There’s a very simple reason that oil, coal and gas interests own our politicians, manipulate our regulators and laws, and are able to destroy our environment: money. So now solar answers – as 2017 showed that global solar energy investments overshadowed that in all other forms of electricity generation, and here in the good ‘ol US of A there’s a healthy wall of money that just got a little bit bigger.
Under the partnership, MEI will develop, finance, own and operate solar projects. The group will focus on ground-mount, rooftop and carport projects ranging from 500 kw to 20 MW, and has the flexibility to enter at various stages of the project life cycle.
Stonepeak has provided MEI with a 4-year commitment and the MEI team will structure debt and tax equity financing allowing the portfolio to scale to at least $1B in projects over the coming years, representing at least 550 MW in operating C&I assets. Already MEI has closed on its first acquisition, a 12-project portfolio with an estimated delivery in the second half of this year.
The three founding partners, Steven Cunningham, Jack Hachmann and Richard Walsh, state they’ve collectively developed, financed and operated more than 400 MW of distributed generation assets across the United States.
The company is seeking developers, EPCs and consultants with local knowledge and expertise to bring them projects and portfolios. Additionally, for those in need of work, the group is seeking two Vice President level positions, and a Senior Associate of Business Development.
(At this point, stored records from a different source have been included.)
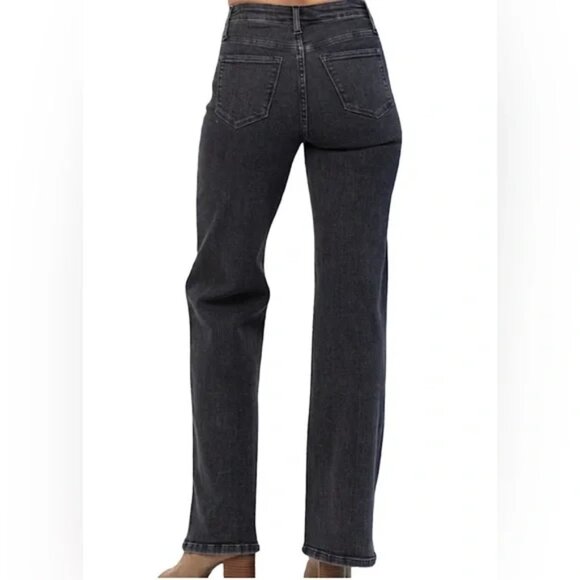 Judy Blue Women’s Button Fly High Rise Wide‎ Leg Black Denim Jeans Size 7/28 - Picture 2 of 14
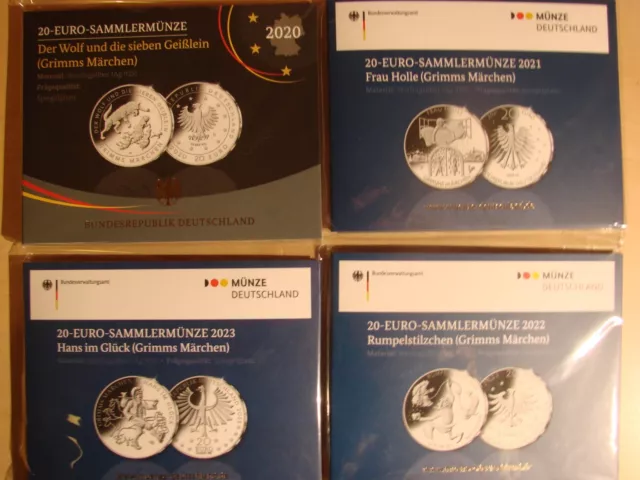 20 Euro Münzen, 4 Stück, Serie: Grimms Märchen, spgl, Frau Holle usw.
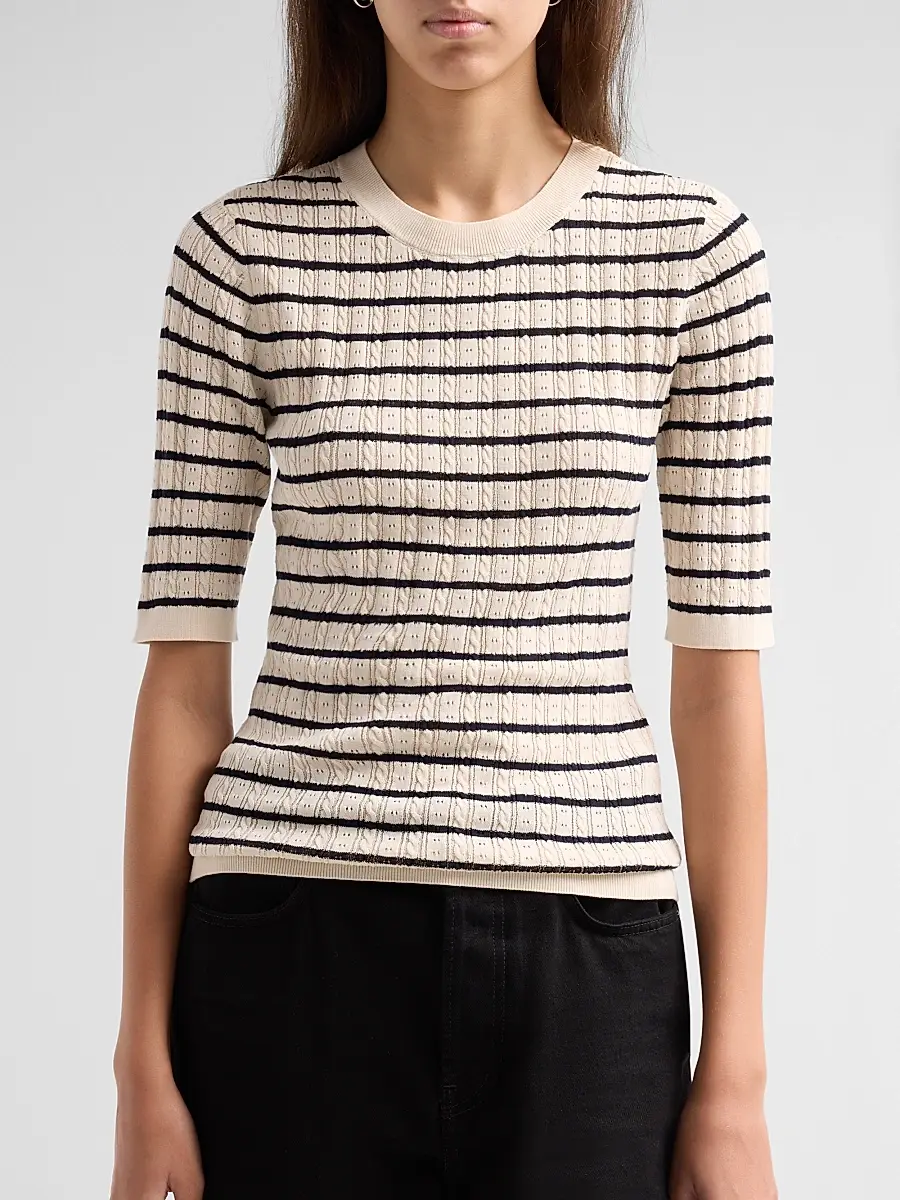 Frame Women's The Stripe Pointelle-Knit Top | Thumbnail 5 Frame Women's The Stripe Pointelle-Knit Top | Thumbnail 5
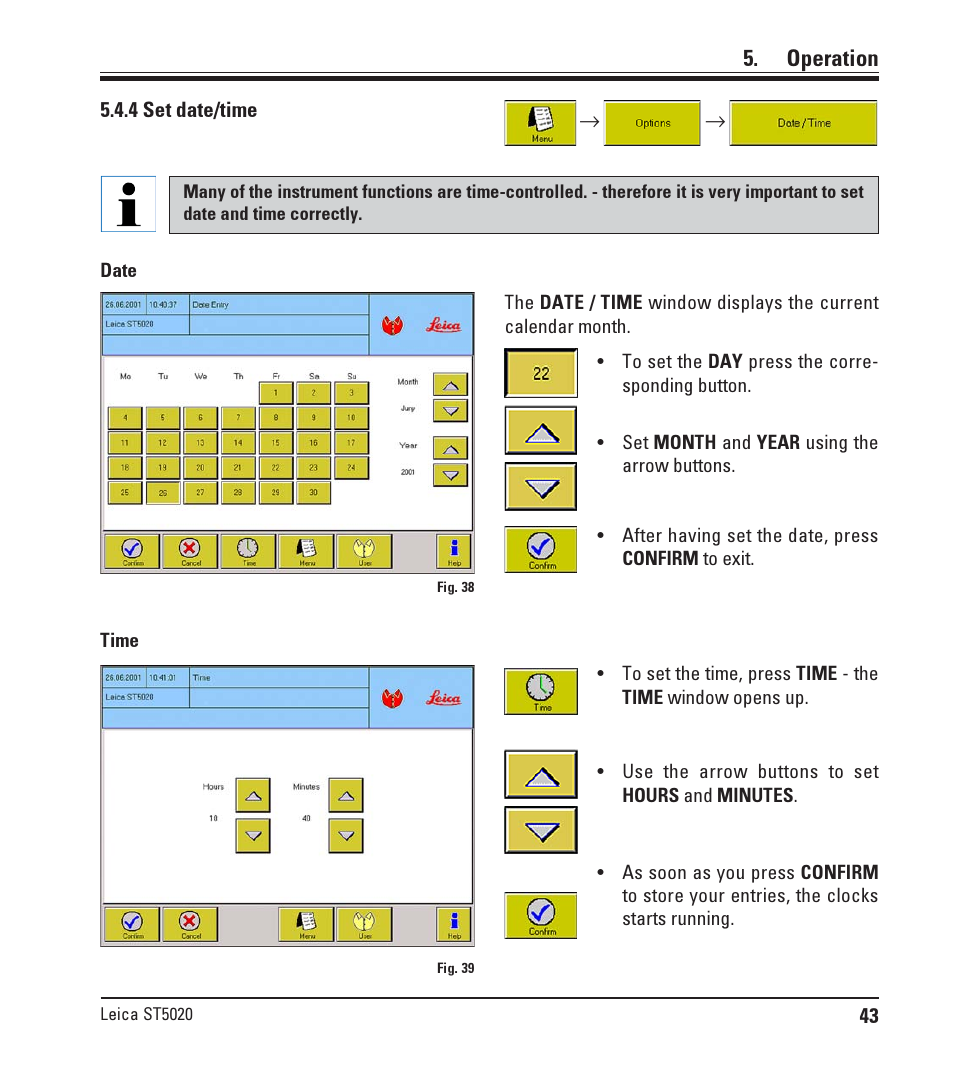4 set date/time, Set date/time, Operation | Leica Biosystems ST5020 User Manual | Page 43 / 88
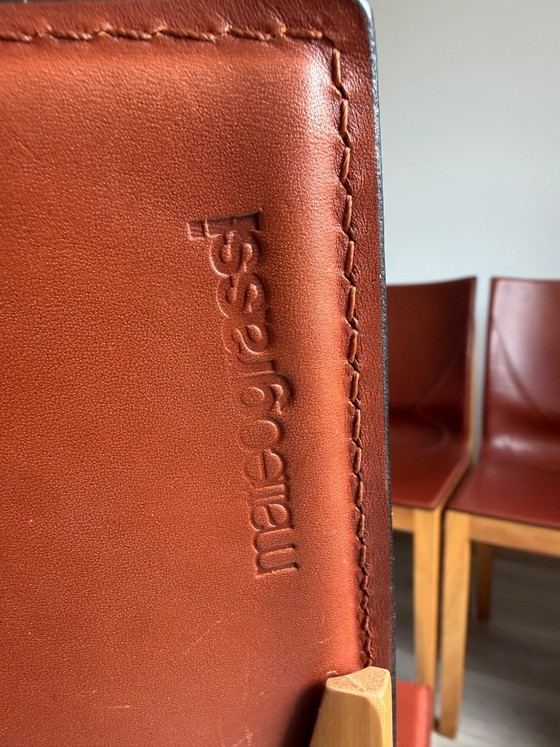 Image 1 of Original Matteo Grassi designer chairs in rare cognac leather – set of 8 in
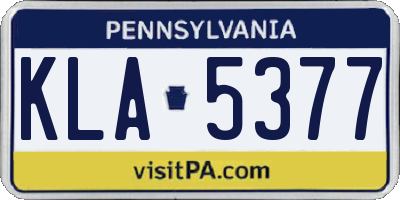 PA license plate KLA5377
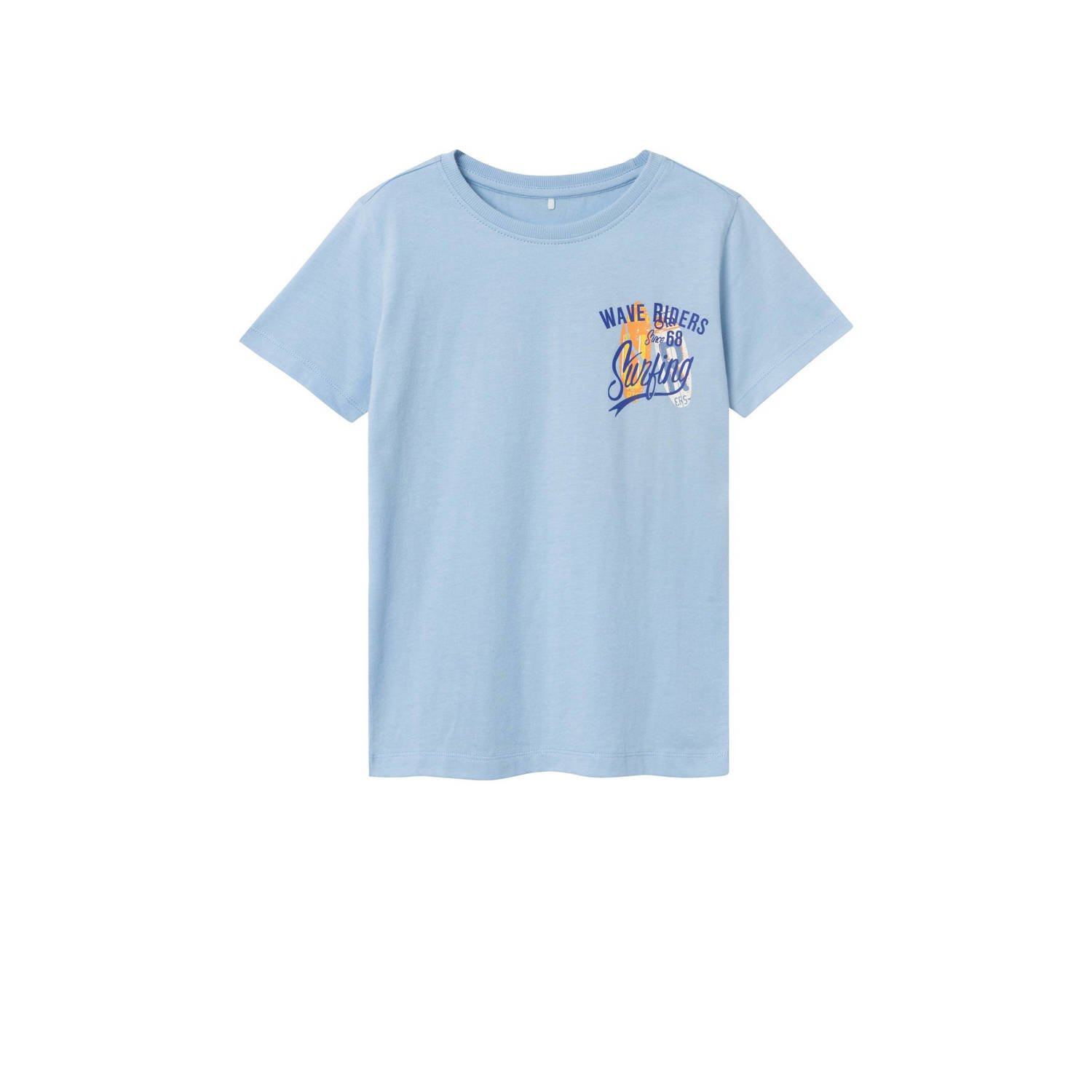 Name it KIDS T-shirt NKMVELIX met backprint lichtblauw Jongens Katoen Ronde hals 122 128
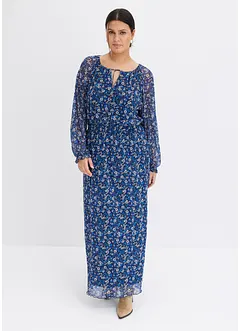 Gebloemde maxi jurk van mesh, bonprix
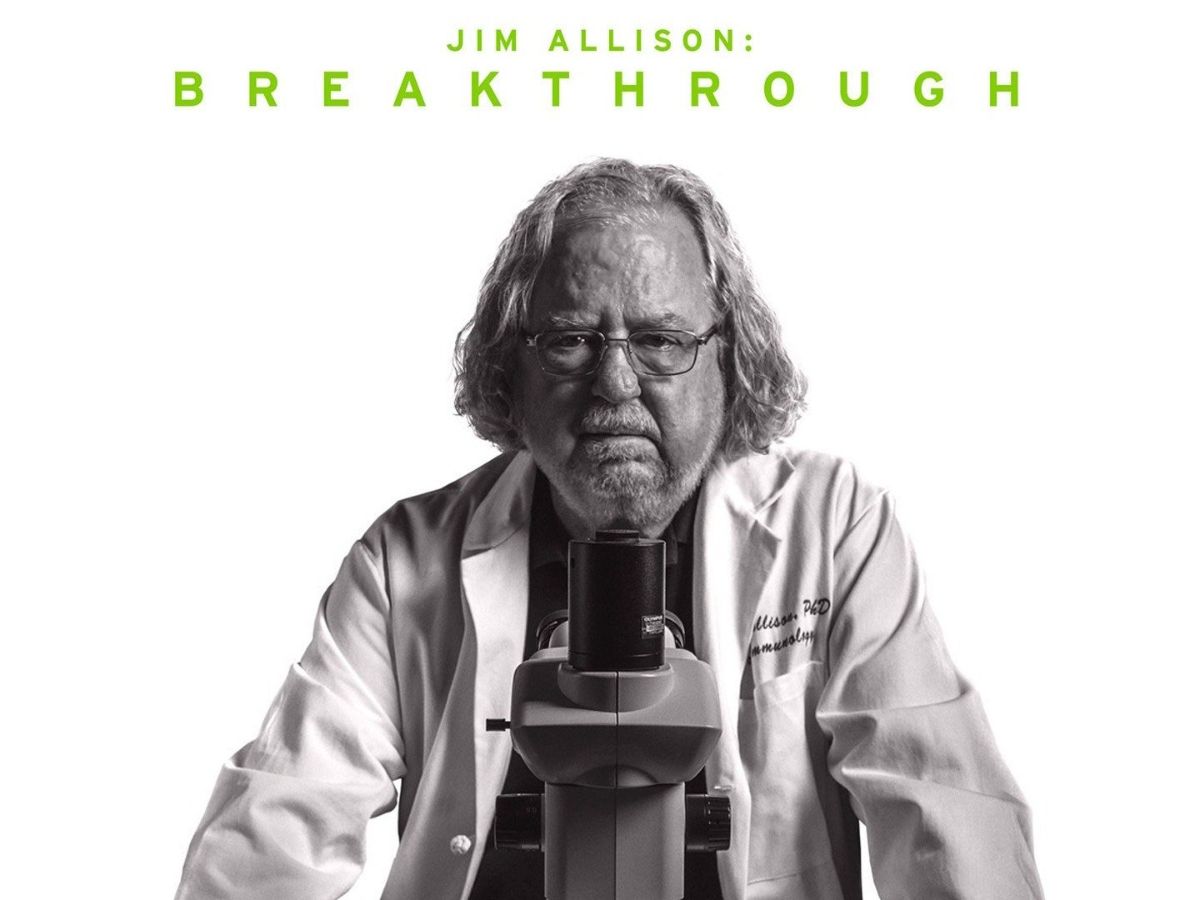 Film poster for "Jim Allison: Breakthrough" showing a black and white image of a man standing over a microscope.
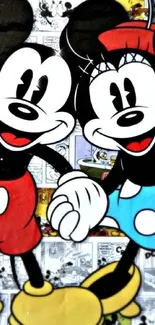 Mickey and Minnie in vibrant comic style.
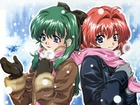 Onegai Twins, śnieg, dziewczyny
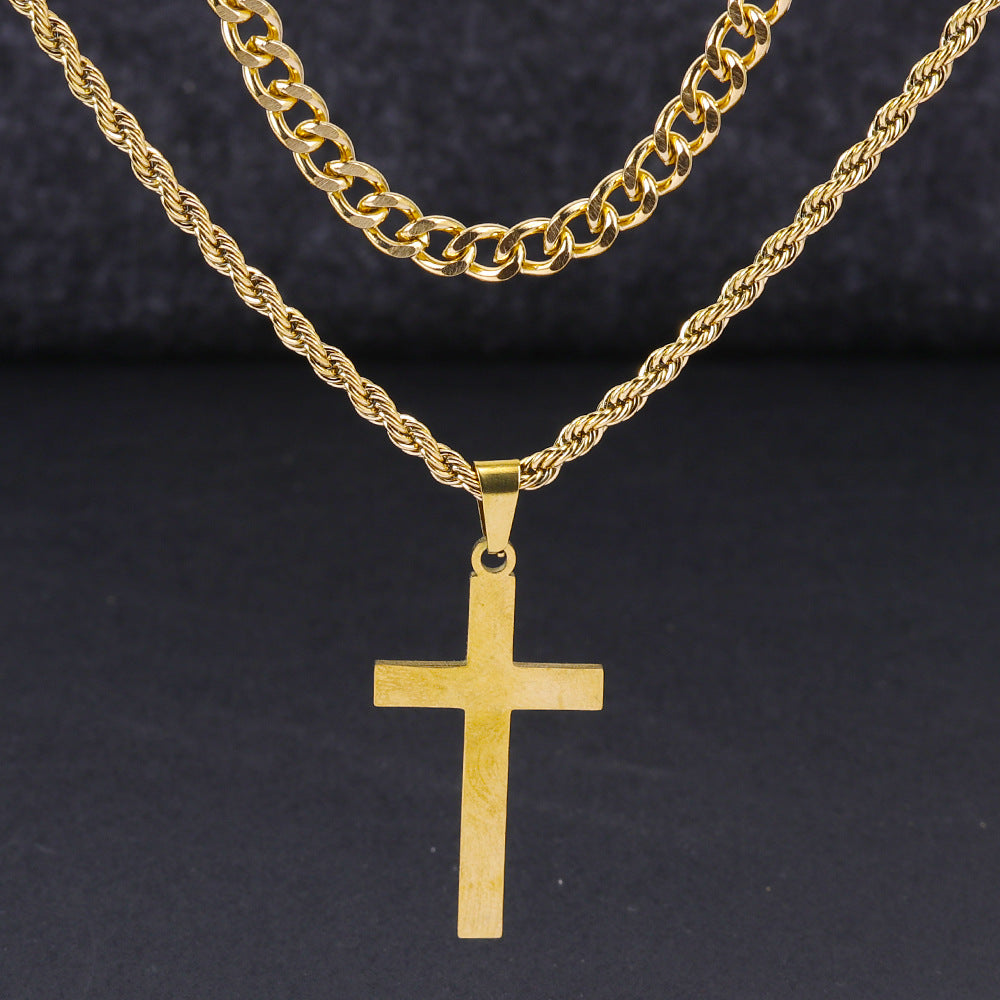 Double Layer Cross Pendant Chain gold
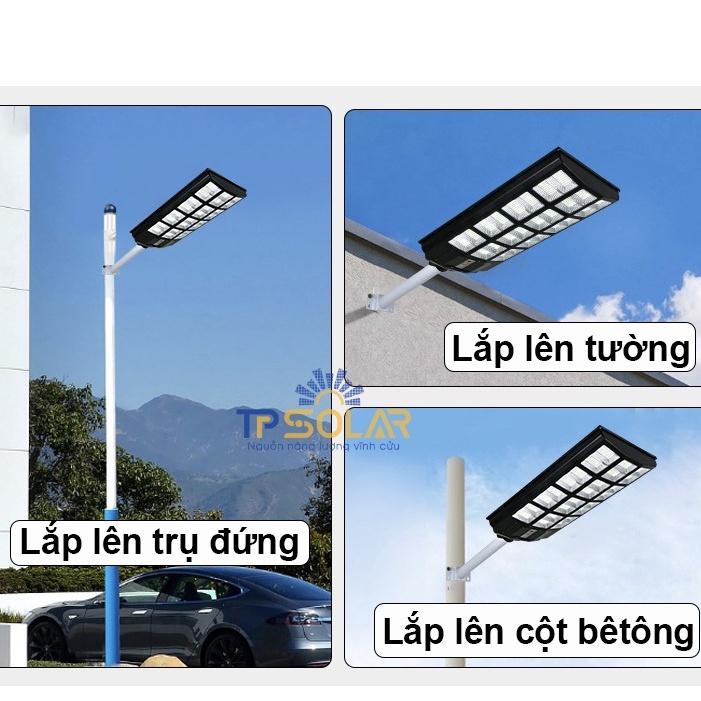 Đèn Đường Liền Thể 3 Mặt Năng Lượng Mặt Trời TP Solar TP-D600N Công Suất 600W Cảm Ứng Sáng Tối, Điều Khiển Từ Xa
MEI’s first blog post notes a “financing gap” that, according to the World Economic Forum, only 0.5% of institutional capital is invested in ‘low carbon investments resulting in a $2.5 – $4.8 trillion gap.
Stonepeak notes $15 billion in assets under management, with a focus primarily on fossil fuel operations, as well data centers and telecommunications. The fund is also involved in a desalination plant.